Of course, "we" had a good reason. The USer military doesn't just randomly dump munitions down on just ANY tribal compound 30 miles into Pakistan.
From WaPo, Friday: A U.S. Predator drone fired three missiles at a compound about two miles from the town of Mirali in the tribal area of North Waziristan about 5:15 p.m., according to a Pakistani security official and local residents. The precision strike leveled a compound, which was owned by local tribal elder Khalil Malik, killing at least 10 suspected militants, including five foreign nationals, according to the Pakistani security official. The site of the attack is about 30 miles east of the Afghan border.So the perennial question returns: Was this a 'black-eye,' or a 'feather-in-the-cap' of your US Armed Forces?

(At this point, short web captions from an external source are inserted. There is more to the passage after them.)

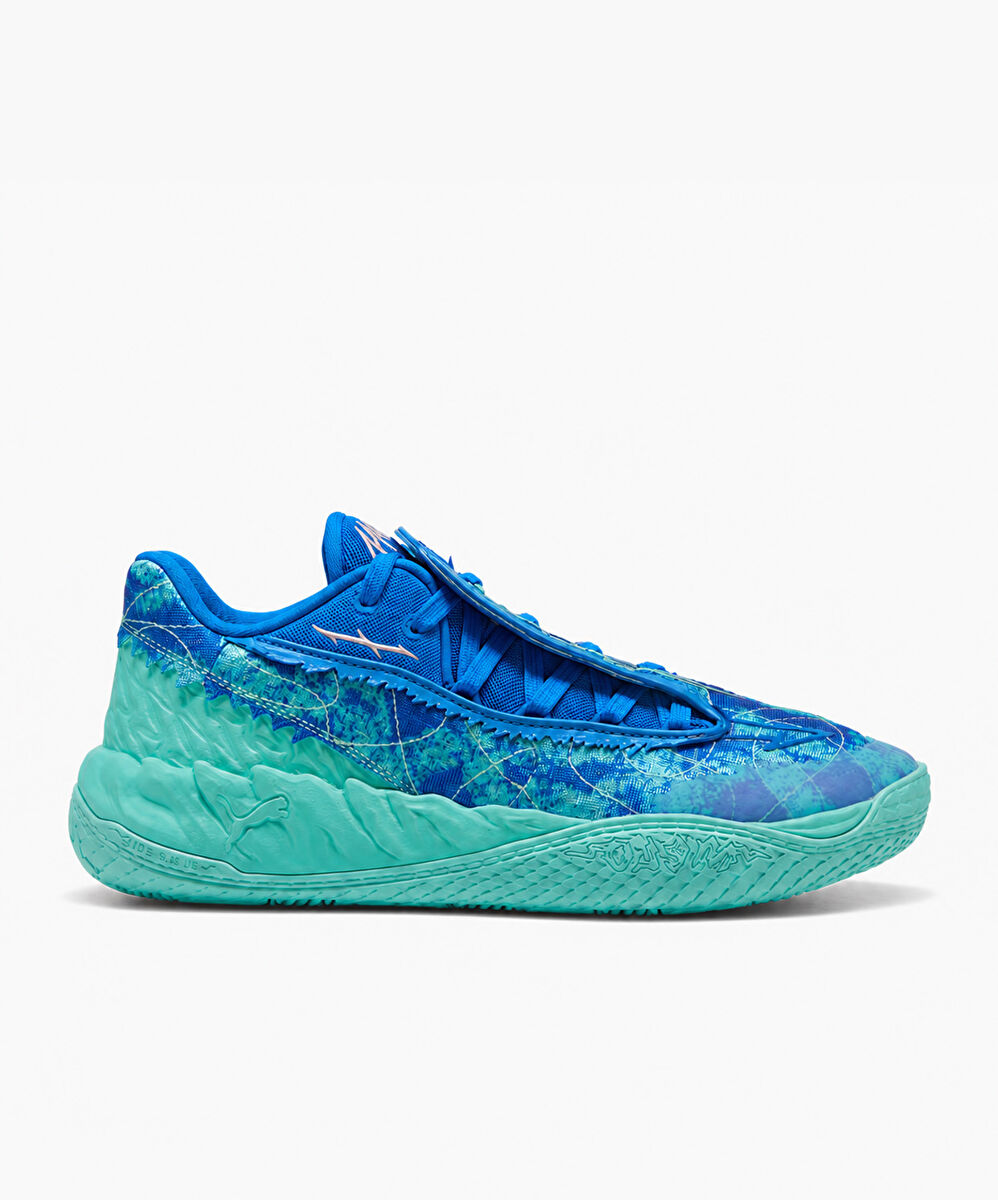 Puma MB.05 Lo Team
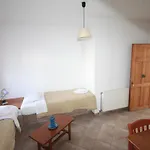 Apartamento Cyclades *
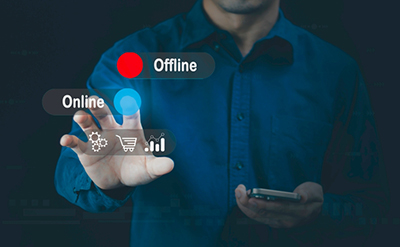 Online vs Offline Home Loan: Which One Is Better?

The official, who spoke on condition of anonymity because of the sensitivity of the matter, said Malik was killed along with his brother and nephew. Authorities in North Waziristan, however, said they have been so far unable to identify any of those killed because militants immediately cordoned off the area. "I suspect a high-value target may be among the dead," the Pakistani security official said.
Jan Mohammad, a local tribesman, said Malik and his relatives probably died in the strike, which sparked panic among Malik's neighbors. Mohammad said that Malik was an influential tribal elder but that he was not known to have links with the Pakistani Taliban or other insurgent groups in the area.